___ Input material
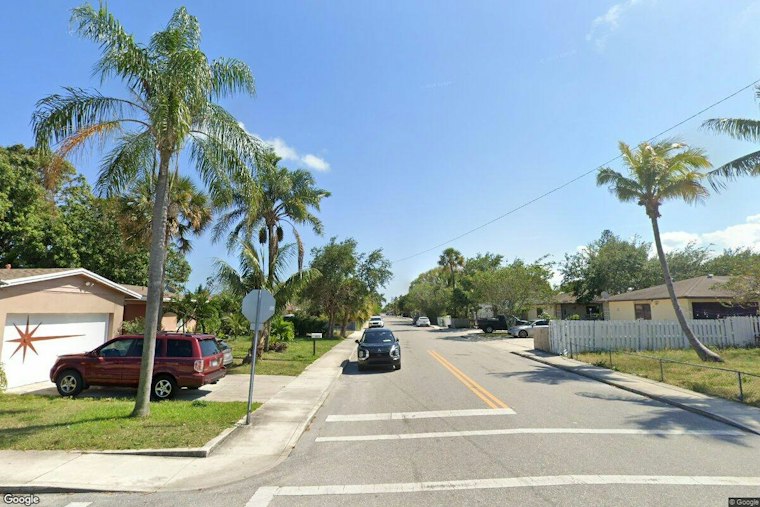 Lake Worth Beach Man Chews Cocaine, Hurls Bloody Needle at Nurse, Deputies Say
______
___ Input material
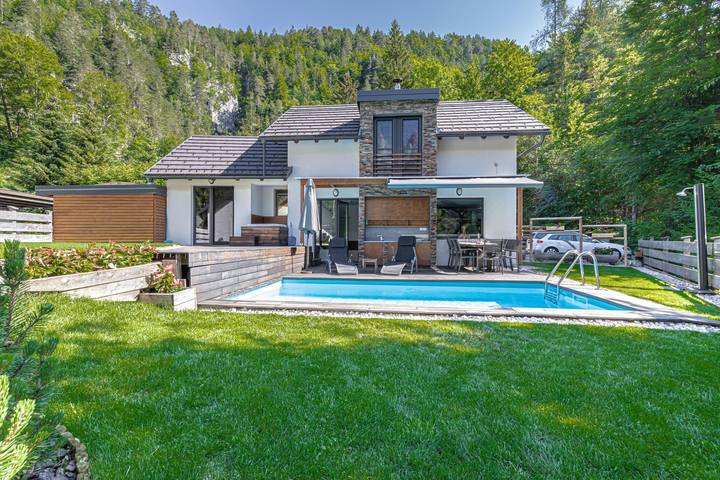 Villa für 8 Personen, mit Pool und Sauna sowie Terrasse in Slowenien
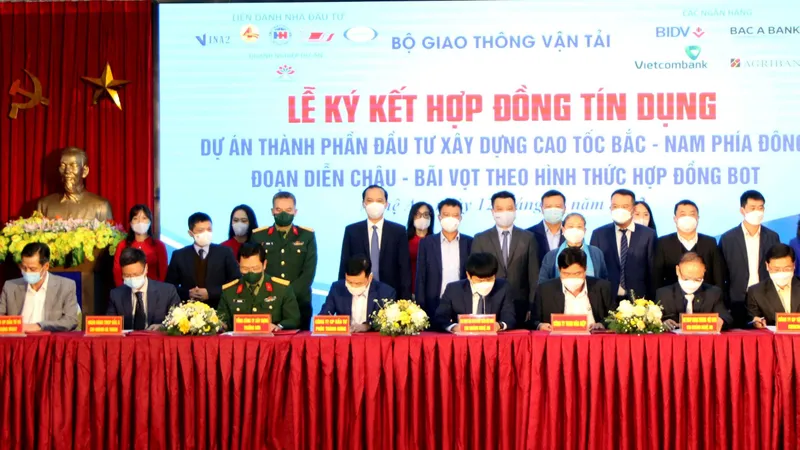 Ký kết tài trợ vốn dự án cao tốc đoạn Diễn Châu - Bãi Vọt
______
## Task directions
Give again the lines of the listing above that run from the one with "Villa für 8" up to and including the one with "Ký kết tài trợ". Keep them exact and omit the pictures.

## Answer area
 Villa für 8 Personen, mit Pool und Sauna sowie Terrasse in Slowenien
 Ký kết tài trợ vốn dự án cao tốc đoạn Diễn Châu - Bãi Vọt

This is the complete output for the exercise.